Una vez ante el obispo el Beato abrió su «tilma» y dejó caer las flores,
mientras en el tejido apareció, inexplicablemente impresa, la imagen de la
Virgen de Guadalupe, que desde aquel momento se convirtió en el corazón
espiritual de la Iglesia en México.
El
Beato, movido por una tierna y profunda devoción a la Madre de Dios, dejó los
suyos, la casa, los bienes y su tierra y, con el permiso del Obispo, pasó a
vivir en una pobre casa junto al templo de la «Señora del Cielo». Su
preocupación era la limpieza de la capilla y la acogida de los peregrinos que
visitaban el pequeño oratorio, hoy transformado en este grandioso templo,
símbolo elocuente de la devoción mariana de los mexicanos a la Virgen de
Guadalupe.
En
espíritu de pobreza y de vida humilde Juan Diego recorrió el camino de la
santidad, dedicando mucho de su tiempo a la oración, a la contemplación y a la
penitencia. Dócil a la autoridad eclesiástica, tres veces por semana recibía la
Santísima Eucaristía.
En
la homilía que Vuestra Santidad pronunció el 6 de mayo de 1990 en este
Santuario, indicó cómo «las noticias que de él nos han llegado elogian sus
virtudes cristianas: su fe simple [...], su confianza en Dios y en la Virgen;
su caridad, su coherencia moral, su desprendimiento y su pobreza evangélica.
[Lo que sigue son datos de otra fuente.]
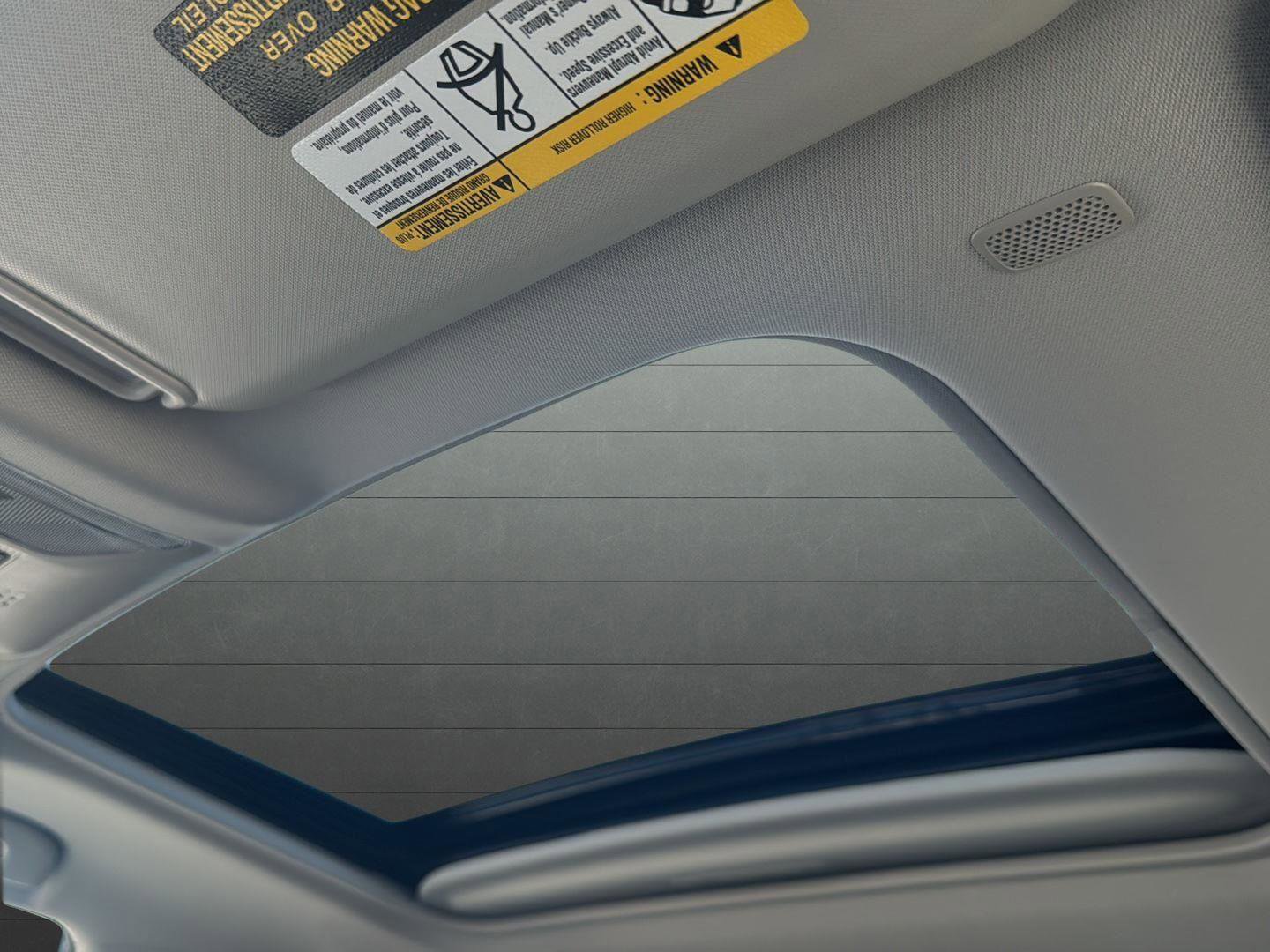 New 2025 Toyota RAV4 XLE Premium image 26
Llevando una vida de eremita, aquí cerca de Tepeyac, fue ejemplo de humildad»
(Ibídem).
Juan
Diego, laico fiel a la gracia divina, gozó de tan alta estima entre sus
contemporáneos que éstos acostumbraban decir a sus hijos: «Que Dios os haga
como Juan Diego».
Circundado
de una sólida fama de santidad, murió en 1548.
Su
memoria, siempre unida al hecho de la aparición de la Virgen de Guadalupe, ha
atravesado los siglos, alcanzando la entera América, Europa y Asia.
El
9 de abril de 1990, ante Vuestra Santidad fue promulgado en Roma el decreto «de
vitae sanctitate et de cultu ab immemorabili tempore Servo Dei Ioanni Didaco
praestito».
El
6 de mayo sucesivo, en esta Basílica, Vuestra Santidad presidió la solemne
celebración en honor de Juan Diego, decorado con el título de Beato.
Precisamente
en aquellos días, en esta misma arquidiócesis de Ciudad de México, tuvo lugar
un milagro por intercesión de Juan Diego. Con él se abrió la puerta que ha
conducido a la actual celebración, que el pueblo mexicano y toda la Iglesia
viven en la alegría y la gratitud al Señor y a María por haber puesto en
nuestro camino al Beato Juan Diego, que, según las palabras de Vuestra
Santidad, «representa todos los indígenas que reconocieron el evangelio de
Jesús» (Ibídem).
Beatísimo
Padre, la canonización de Juan Diego es un don extraordinario no sólo para la
Iglesia en México, sino para todo el Pueblo de Dios.